CIEDP completes first-phase probe in 39 districts
- Conflict victims ask how long they will take to complete complex tasks such as taking statements, excavation and exhumation
Kathmandu, July 29
The Commission of Investigation on Enforced Disappeared Persons has completed the first phase of detailed investigation in 39 districts.
As part of the first phase of detailed investigation, teams mobilised in various districts for investigation have so far collected ante-mortem data and information through story-telling from more than 90 per cent of the complainants in these districts.
According to the commission, information from the remaining complainants could not be collected as some had relocated to other places while others had gone to India for employment. “We have asked the local peace committees to trace the remaining complainants. Once they come in contact, we will collect information from them,” said CIEDP Spokesperson Bishnu Pathak.
The commission now plans to mobilise teams in additional districts in the next two weeks in line with its target of covering all the districts by the time its tenure ends in February next year.
In the second phase of the detailed investigation, the commission plans to take statements from alleged perpetrators and conduct open as well as closed public hearing. In the third phase, the commission will conduct excavation and exhumation.
“Exhumation and excavation will be conducted in emblematic cases, but investigations will be conducted into each and every complaint,” said Pathak, adding, “The public hearing will also be conducted at designated locations only.”
Meanwhile, the Truth and Reconciliation Commission has so far completed primary investigation into 2,600 cases.
The TRC, which had opened field offices in each of the seven provinces last year, now plans to open additional 43 offices in various districts to expedite investigations. It also plans to mobilise additional work teams in districts from where more than 1,000 complaints have been filed, according to TRC member Lila Udasi Khanal.
It has been more than three-and-a-half years since these two transitional justice mechanisms were established, but they have failed to complete the investigation even into a single case for various reasons such as lack of financial and human resources, necessary legislation and their internal weaknesses.
According to Chairman of Conflict Victims Common Platform Suman Adhikari, although the commissions have been making big claims, what they are doing now is something they should have done in the first year.

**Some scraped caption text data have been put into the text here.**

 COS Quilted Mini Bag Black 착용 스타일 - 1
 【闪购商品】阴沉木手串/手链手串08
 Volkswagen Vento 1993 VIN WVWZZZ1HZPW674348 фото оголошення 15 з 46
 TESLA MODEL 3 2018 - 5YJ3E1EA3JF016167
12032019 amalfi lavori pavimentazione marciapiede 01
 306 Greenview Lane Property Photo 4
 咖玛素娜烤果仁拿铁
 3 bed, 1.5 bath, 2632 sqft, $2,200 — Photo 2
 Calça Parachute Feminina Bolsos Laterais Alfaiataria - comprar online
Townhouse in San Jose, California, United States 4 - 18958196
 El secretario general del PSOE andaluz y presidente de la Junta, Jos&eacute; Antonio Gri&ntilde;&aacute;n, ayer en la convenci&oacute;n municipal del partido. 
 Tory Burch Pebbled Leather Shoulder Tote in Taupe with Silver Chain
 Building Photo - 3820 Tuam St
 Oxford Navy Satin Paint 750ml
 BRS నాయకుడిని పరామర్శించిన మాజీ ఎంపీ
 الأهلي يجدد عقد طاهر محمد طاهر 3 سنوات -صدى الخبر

“What they are doing now is very important, but they are preliminary things,” he said. “If they took three years to do these preliminary tasks, just imagine how long they will take to do complex tasks such as taking statements from alleged perpetrators and excavating and exhuming?” he added.
He said the question was not about how many districts the commissions have visited, but how close to truth they have reached. “They are collecting information from victims just to complete formality,” he said.